The ground for the application for postponement was that the main witness, relied on by the Respondents to the application, will be in South Africa at the date of the hearing. The evidence is that she will be leaving on the 16th December and will not be returning until the 10th January 1994. That witness is Lauretta Gell. She is referred to by name in the Notice of Application and in the Notice of Appearance. She is clearly someone who will be able to give relevant evidence. The Respondents wish her to be present at the hearing.
The Tribunal refused the request for postponement for reasons that are understandable. The Industrial Tribunal is heavily pressed with a backlog of cases. Postponing a two day hearing at short notice is likely to increase rather than diminish the problems of the Industrial Tribunal in managing its case load. We have to view that general difficulty, however, against what is required as a matter of justice between these parties.

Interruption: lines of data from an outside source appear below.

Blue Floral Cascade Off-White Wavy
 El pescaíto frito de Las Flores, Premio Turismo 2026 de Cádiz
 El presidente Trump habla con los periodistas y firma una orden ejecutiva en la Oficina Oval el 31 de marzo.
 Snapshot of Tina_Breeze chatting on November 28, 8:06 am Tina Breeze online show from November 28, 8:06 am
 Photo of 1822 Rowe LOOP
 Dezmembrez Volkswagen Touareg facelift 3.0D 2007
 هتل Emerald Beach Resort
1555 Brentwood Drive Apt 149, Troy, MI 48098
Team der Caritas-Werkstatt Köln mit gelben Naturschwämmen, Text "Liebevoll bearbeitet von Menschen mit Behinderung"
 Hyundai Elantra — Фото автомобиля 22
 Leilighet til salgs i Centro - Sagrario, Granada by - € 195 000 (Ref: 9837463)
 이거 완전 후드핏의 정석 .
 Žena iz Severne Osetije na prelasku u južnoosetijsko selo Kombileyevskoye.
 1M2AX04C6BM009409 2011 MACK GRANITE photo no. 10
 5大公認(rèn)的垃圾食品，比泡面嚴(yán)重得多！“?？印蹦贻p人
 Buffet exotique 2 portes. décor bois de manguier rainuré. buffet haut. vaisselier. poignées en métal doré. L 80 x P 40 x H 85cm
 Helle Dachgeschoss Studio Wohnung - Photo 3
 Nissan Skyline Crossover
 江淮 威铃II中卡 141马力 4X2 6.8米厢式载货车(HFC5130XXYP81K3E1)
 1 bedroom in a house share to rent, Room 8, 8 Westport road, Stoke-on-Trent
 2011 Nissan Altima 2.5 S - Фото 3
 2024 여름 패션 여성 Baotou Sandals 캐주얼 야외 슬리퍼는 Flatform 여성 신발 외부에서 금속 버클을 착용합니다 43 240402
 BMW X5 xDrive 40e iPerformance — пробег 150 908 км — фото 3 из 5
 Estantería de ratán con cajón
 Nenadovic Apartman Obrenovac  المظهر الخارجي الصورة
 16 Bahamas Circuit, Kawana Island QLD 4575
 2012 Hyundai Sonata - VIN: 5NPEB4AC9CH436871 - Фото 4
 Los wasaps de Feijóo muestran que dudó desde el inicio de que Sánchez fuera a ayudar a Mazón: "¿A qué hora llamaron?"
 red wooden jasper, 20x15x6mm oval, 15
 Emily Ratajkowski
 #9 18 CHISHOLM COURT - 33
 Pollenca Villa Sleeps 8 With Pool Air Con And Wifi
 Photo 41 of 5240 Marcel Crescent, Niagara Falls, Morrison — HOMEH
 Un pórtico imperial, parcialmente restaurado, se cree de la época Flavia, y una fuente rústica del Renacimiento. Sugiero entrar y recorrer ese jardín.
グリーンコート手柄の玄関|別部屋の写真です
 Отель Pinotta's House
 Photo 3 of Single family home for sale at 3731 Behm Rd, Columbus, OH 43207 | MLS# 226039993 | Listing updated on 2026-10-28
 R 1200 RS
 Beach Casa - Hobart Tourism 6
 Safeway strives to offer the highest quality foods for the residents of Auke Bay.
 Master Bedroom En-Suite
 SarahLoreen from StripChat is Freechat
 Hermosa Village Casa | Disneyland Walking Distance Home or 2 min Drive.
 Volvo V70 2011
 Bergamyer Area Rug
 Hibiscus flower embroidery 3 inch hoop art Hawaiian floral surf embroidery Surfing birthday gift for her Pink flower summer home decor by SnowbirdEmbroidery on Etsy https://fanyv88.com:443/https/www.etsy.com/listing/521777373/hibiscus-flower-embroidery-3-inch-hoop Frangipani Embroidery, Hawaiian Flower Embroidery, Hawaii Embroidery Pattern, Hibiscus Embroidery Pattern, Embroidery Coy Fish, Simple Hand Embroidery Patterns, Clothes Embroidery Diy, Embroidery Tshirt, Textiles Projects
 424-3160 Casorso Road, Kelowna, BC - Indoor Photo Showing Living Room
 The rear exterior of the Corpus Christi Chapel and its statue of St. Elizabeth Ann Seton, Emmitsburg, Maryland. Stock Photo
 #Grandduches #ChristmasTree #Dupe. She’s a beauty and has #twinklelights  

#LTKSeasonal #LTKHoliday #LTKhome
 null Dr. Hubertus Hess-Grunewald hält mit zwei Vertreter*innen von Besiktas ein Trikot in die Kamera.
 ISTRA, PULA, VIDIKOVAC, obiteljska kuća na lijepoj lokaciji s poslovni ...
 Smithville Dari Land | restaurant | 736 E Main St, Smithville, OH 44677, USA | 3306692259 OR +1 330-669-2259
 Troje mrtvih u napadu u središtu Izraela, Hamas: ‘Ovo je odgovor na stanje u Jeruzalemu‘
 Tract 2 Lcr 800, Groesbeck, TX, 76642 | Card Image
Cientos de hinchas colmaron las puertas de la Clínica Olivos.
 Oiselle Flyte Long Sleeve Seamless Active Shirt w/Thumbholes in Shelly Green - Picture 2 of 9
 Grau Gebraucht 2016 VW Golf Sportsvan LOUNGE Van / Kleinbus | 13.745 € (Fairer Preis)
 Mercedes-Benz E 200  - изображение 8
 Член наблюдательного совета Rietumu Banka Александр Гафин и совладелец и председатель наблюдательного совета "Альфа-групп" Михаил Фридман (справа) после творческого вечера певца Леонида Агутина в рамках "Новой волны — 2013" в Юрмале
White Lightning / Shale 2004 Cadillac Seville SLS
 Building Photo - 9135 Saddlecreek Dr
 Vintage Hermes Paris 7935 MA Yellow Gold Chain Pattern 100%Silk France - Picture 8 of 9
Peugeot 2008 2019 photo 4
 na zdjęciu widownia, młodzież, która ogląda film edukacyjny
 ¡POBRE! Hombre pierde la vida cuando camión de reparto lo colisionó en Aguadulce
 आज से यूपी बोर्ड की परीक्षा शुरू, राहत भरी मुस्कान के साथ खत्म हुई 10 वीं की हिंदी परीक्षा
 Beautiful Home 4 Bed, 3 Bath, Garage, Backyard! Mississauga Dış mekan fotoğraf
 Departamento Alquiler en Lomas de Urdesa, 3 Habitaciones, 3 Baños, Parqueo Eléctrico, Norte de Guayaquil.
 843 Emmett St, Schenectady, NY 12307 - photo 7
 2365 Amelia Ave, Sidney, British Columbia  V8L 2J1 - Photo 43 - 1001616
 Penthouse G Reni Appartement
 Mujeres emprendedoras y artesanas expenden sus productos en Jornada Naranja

We can only interfere with the decision refusing postponement if we are satisfied that no reasonable Tribunal would have refused an adjournment in these circumstances. We have to be satisfied of that because the jurisdiction of this Tribunal is limited to errors of law on the part of an Industrial Tribunal.
We have reluctantly come to the conclusion that the only reasonable step that could have been taken by the Tribunal in this case was to grant an adjournment. If the matter had proceeded on the 20th December in the absence of Lauretta Gell there would still have had to be an adjournment of a part heard case for her evidence to be given at a later date. There would, therefore, be an inevitable delay in a decision on Mr Brann's application.
In our view, the only reasonable course in these circumstances would have been for the Industrial Tribunal to have postponed this matter to be heard as soon as possible after Lauretta Gell's return to England on the 10th January 1994. If the hearing begins after that date she will be able to be present throughout the hearing. There will then be no sense of injustice on the part of the Respondents in the way that the case has been conducted. The adjournment will not prejudice Mr Brann who neither opposed not supported the application by the Respondents.
We make it clear that there can be no question of any further adjournment of this matter on the grounds of the absence abroad of Lauretta Gell or anyone else. This case has been waiting quite long enough for hearing. The parties must make sure that their witnesses are available at the adjourned hearing. If they are not the matter will have to proceed in their absence. The Industrial Tribunal cannot repeatedly postpone the hearing of cases to suit the convenience of individual litigants.
There is one other matter which we have mentioned during the hearing. There has been no direction for the exchange of witness statements in this case. We do not propose to order exchange, but it does appear to us to be a substantial case in which the issues between the parties may be better identified if the parties voluntarily exchange, prior to the hearing, the statements of the witnesses whom they intend to call.
For those reasons we will allow the appeal; we direct that the 20th and 21st December 1993 be vacated and that an application be made to the Industrial Tribunal to fix a new date as soon as possible after the 10th January 1994.